**Exercise prompt:**
Using the records below, repeat exactly the lines from the one holding "Bad Bunny toca el cielo en los Grammys" through the one holding "Nach Amoklauf: Ex-Zeugen-Jehovas-Mitglied", both ends included, and no others.
"""
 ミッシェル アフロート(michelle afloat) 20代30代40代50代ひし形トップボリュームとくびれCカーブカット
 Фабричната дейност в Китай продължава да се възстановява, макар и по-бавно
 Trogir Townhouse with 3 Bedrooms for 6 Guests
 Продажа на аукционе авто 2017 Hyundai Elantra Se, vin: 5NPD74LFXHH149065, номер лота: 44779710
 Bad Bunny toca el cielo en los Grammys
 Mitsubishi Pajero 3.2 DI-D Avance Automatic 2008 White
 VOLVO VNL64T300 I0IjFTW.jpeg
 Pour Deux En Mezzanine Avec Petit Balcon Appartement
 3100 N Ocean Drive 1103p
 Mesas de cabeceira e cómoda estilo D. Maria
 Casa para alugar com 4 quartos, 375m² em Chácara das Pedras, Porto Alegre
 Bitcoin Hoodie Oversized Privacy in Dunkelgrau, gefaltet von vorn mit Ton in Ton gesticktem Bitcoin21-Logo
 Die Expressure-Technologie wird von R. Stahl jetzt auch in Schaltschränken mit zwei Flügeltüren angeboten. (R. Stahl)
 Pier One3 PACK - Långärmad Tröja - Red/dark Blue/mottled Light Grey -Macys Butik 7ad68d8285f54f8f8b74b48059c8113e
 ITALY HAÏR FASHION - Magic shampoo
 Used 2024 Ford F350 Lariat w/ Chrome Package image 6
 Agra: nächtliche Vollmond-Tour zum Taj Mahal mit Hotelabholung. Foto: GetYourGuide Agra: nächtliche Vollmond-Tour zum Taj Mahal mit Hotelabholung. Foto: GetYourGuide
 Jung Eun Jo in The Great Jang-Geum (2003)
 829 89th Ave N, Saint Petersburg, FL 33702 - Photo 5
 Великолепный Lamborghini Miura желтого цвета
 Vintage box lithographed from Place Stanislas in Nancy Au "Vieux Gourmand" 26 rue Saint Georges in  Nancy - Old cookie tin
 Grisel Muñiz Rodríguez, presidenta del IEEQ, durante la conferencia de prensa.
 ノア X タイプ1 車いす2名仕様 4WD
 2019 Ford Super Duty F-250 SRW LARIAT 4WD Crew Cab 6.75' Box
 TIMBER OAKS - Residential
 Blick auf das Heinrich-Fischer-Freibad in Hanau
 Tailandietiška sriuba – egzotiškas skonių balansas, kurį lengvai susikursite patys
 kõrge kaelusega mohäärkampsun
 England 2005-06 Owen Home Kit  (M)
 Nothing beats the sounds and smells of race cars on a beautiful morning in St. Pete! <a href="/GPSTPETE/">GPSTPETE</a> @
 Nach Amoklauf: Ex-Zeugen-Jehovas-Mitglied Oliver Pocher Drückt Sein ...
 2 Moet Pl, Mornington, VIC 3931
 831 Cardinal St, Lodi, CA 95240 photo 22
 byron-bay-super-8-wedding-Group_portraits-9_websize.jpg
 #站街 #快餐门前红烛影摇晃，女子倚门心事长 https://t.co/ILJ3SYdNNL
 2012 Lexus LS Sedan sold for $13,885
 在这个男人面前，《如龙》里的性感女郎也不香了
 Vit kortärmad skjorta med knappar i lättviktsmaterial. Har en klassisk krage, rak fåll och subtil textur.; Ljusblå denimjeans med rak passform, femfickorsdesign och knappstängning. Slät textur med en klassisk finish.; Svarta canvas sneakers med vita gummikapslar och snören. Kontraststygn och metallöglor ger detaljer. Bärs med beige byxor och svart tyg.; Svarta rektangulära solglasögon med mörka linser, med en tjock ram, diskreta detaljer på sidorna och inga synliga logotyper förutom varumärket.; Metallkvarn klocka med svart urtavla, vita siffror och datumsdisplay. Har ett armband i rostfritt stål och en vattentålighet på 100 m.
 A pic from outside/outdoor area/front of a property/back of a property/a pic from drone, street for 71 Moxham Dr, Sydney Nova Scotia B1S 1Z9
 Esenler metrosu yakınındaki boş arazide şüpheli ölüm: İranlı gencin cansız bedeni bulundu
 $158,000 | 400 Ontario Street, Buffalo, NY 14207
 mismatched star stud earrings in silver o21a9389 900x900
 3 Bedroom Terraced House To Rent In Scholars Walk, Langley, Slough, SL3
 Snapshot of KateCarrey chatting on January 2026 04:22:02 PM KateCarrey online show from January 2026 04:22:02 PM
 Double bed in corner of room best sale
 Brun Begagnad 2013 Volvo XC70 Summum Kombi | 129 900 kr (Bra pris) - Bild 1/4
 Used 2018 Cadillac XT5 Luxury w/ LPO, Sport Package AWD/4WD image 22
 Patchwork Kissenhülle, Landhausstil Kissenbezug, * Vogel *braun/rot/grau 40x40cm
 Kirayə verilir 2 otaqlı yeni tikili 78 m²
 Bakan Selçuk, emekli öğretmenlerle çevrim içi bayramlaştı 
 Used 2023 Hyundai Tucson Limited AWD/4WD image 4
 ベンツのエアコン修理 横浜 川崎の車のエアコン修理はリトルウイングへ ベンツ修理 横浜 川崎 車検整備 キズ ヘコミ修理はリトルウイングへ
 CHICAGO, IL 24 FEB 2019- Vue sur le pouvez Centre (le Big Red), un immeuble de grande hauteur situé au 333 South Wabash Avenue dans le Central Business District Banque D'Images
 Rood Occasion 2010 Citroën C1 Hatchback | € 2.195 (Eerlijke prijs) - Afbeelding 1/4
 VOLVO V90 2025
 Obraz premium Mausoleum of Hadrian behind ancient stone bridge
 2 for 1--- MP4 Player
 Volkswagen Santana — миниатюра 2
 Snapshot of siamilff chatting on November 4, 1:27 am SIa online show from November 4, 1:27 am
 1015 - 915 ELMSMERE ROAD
"""
**Result for this exercise:**
 Bad Bunny toca el cielo en los Grammys
 Mitsubishi Pajero 3.2 DI-D Avance Automatic 2008 White
 VOLVO VNL64T300 I0IjFTW.jpeg
 Pour Deux En Mezzanine Avec Petit Balcon Appartement
 3100 N Ocean Drive 1103p
 Mesas de cabeceira e cómoda estilo D. Maria
 Casa para alugar com 4 quartos, 375m² em Chácara das Pedras, Porto Alegre
 Bitcoin Hoodie Oversized Privacy in Dunkelgrau, gefaltet von vorn mit Ton in Ton gesticktem Bitcoin21-Logo
 Die Expressure-Technologie wird von R. Stahl jetzt auch in Schaltschränken mit zwei Flügeltüren angeboten. (R. Stahl)
 Pier One3 PACK - Långärmad Tröja - Red/dark Blue/mottled Light Grey -Macys Butik 7ad68d8285f54f8f8b74b48059c8113e
 ITALY HAÏR FASHION - Magic shampoo
 Used 2024 Ford F350 Lariat w/ Chrome Package image 6
 Agra: nächtliche Vollmond-Tour zum Taj Mahal mit Hotelabholung. Foto: GetYourGuide Agra: nächtliche Vollmond-Tour zum Taj Mahal mit Hotelabholung. Foto: GetYourGuide
 Jung Eun Jo in The Great Jang-Geum (2003)
 829 89th Ave N, Saint Petersburg, FL 33702 - Photo 5
 Великолепный Lamborghini Miura желтого цвета
 Vintage box lithographed from Place Stanislas in Nancy Au "Vieux Gourmand" 26 rue Saint Georges in  Nancy - Old cookie tin
 Grisel Muñiz Rodríguez, presidenta del IEEQ, durante la conferencia de prensa.
 ノア X タイプ1 車いす2名仕様 4WD
 2019 Ford Super Duty F-250 SRW LARIAT 4WD Crew Cab 6.75' Box
 TIMBER OAKS - Residential
 Blick auf das Heinrich-Fischer-Freibad in Hanau
 Tailandietiška sriuba – egzotiškas skonių balansas, kurį lengvai susikursite patys
 kõrge kaelusega mohäärkampsun
 England 2005-06 Owen Home Kit  (M)
 Nothing beats the sounds and smells of race cars on a beautiful morning in St. Pete! <a href="/GPSTPETE/">GPSTPETE</a> @
 Nach Amoklauf: Ex-Zeugen-Jehovas-Mitglied Oliver Pocher Drückt Sein ...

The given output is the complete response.